__Required action__:
Output exactly, and only, the lines below from the one with "172 Volkswagen Touran" down to the one with "346 N Kings Road - Photo Thumbnail 7". Include both end lines and no pictures.

__Given records__:
****************

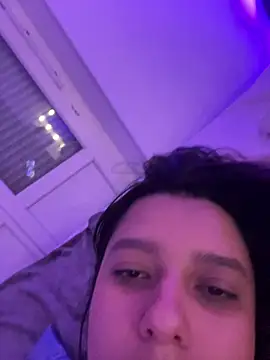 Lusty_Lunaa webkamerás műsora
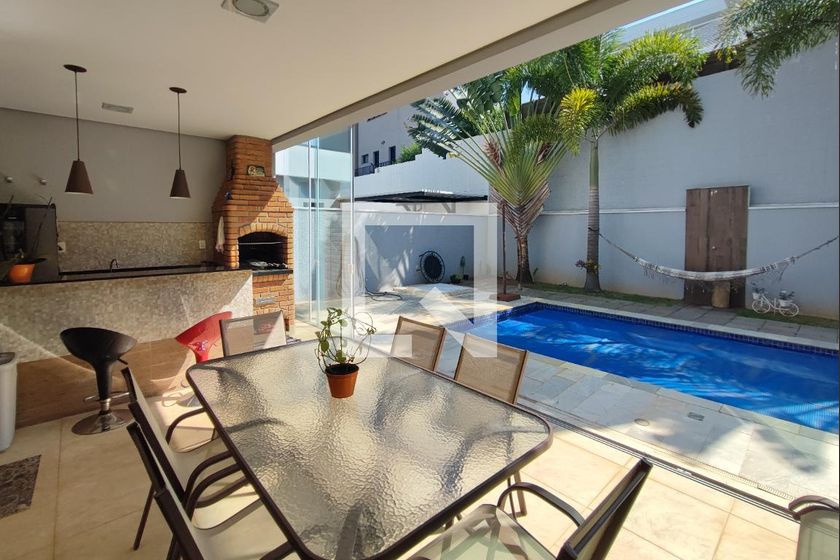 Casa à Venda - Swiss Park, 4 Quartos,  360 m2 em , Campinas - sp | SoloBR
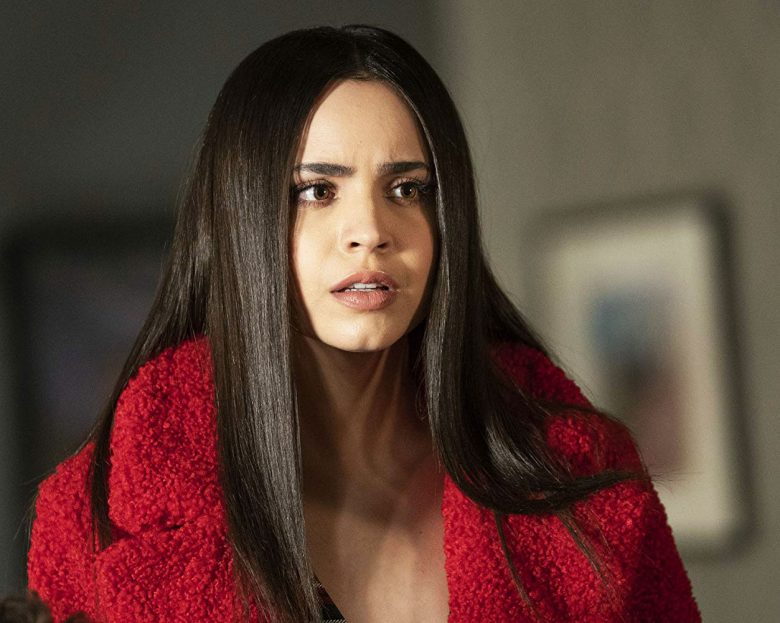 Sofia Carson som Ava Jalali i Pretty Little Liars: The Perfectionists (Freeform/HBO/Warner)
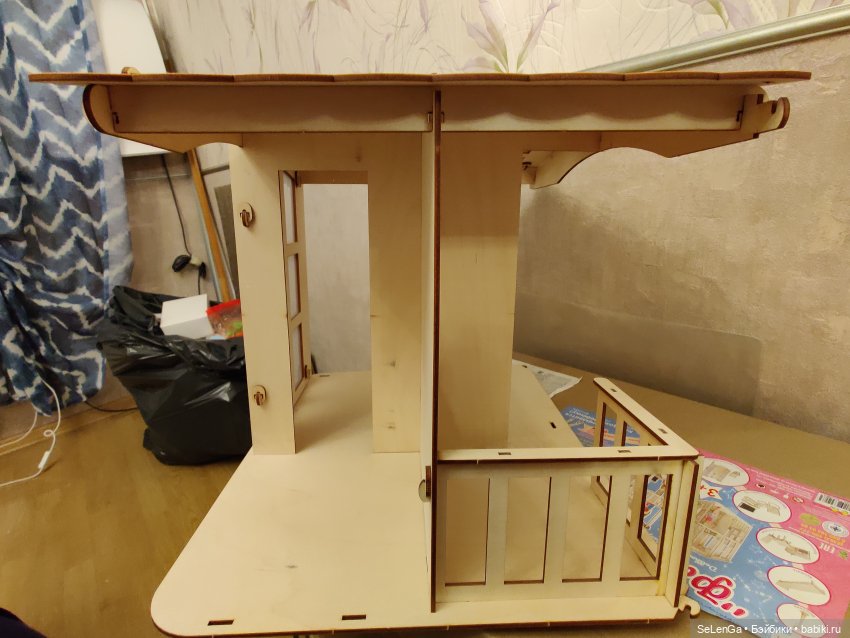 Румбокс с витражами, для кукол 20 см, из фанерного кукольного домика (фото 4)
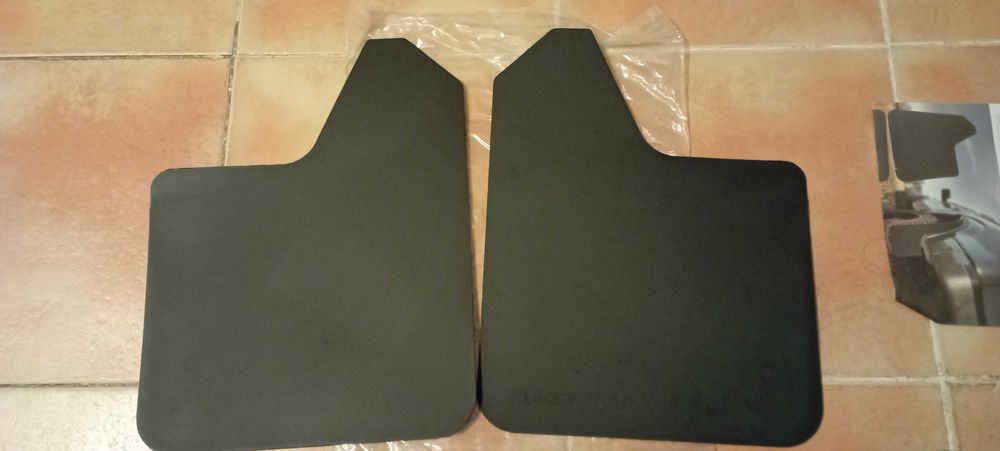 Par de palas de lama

****************

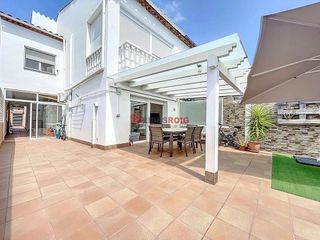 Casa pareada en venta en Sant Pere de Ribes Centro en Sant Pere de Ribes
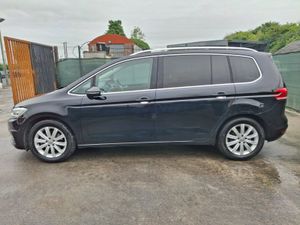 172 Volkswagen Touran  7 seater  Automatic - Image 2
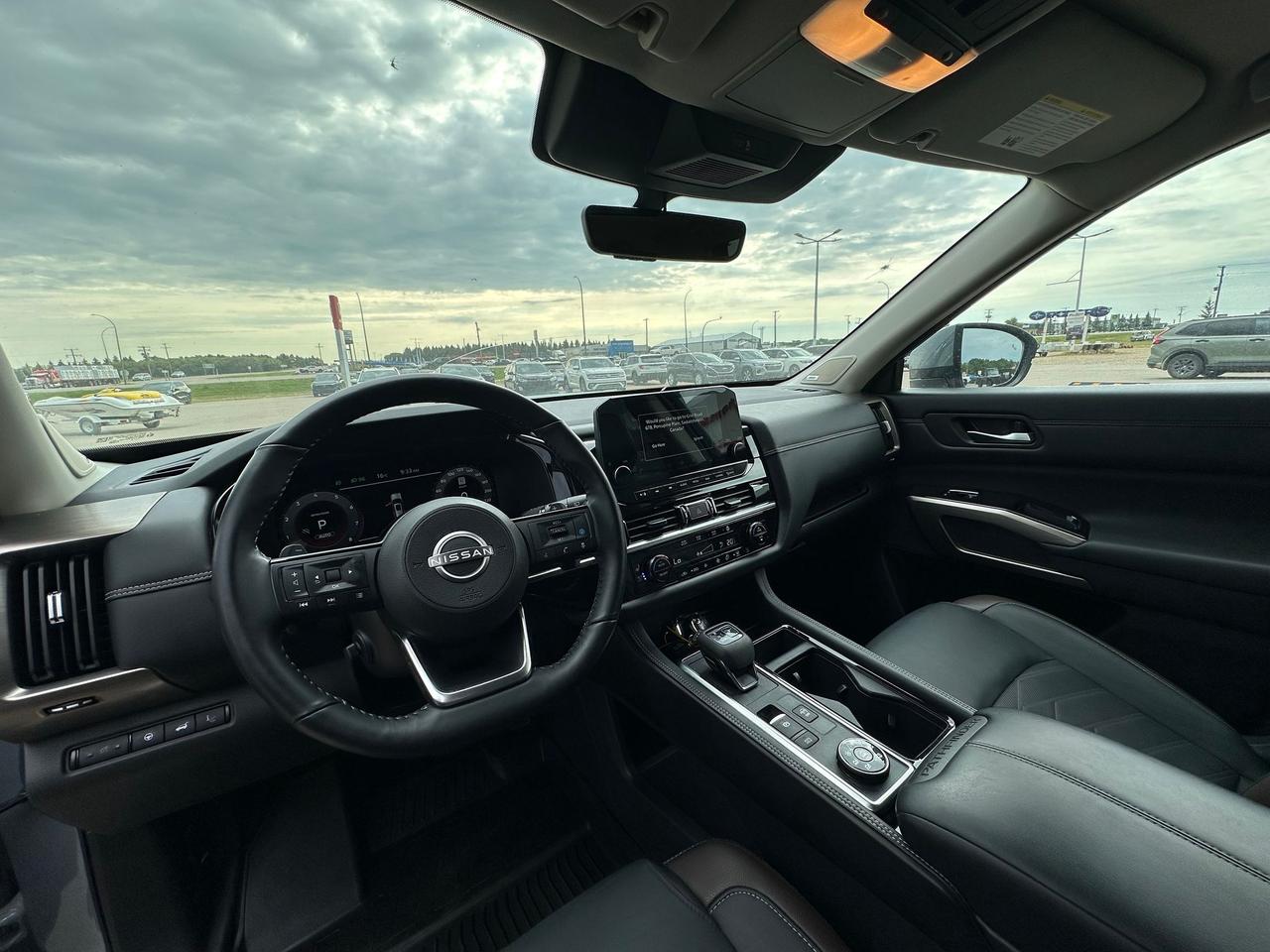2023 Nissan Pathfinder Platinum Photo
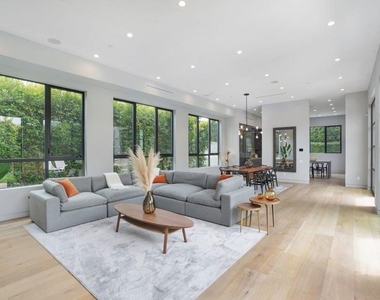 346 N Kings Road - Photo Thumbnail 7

****************

__Your solution__:
 172 Volkswagen Touran  7 seater  Automatic - Image 2
2023 Nissan Pathfinder Platinum Photo
 346 N Kings Road - Photo Thumbnail 7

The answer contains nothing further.